* Task prompt
When you reach the line with "Yamaha vertical piano mod.u3h glossy white" in the listing below, transcribe it and each line after it up to and including the line with "10814 Arkey Ave (014)", exactly and with nothing else.

* Records for the exercise
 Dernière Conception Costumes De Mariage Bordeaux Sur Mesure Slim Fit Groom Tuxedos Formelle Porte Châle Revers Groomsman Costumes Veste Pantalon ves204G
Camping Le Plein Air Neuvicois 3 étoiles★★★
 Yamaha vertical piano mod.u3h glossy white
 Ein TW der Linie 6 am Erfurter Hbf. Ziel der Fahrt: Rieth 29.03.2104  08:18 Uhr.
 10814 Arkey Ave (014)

---

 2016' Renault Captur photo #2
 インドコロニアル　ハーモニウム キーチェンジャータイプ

* Task solution
 Yamaha vertical piano mod.u3h glossy white
 Ein TW der Linie 6 am Erfurter Hbf. Ziel der Fahrt: Rieth 29.03.2104  08:18 Uhr.
 10814 Arkey Ave (014)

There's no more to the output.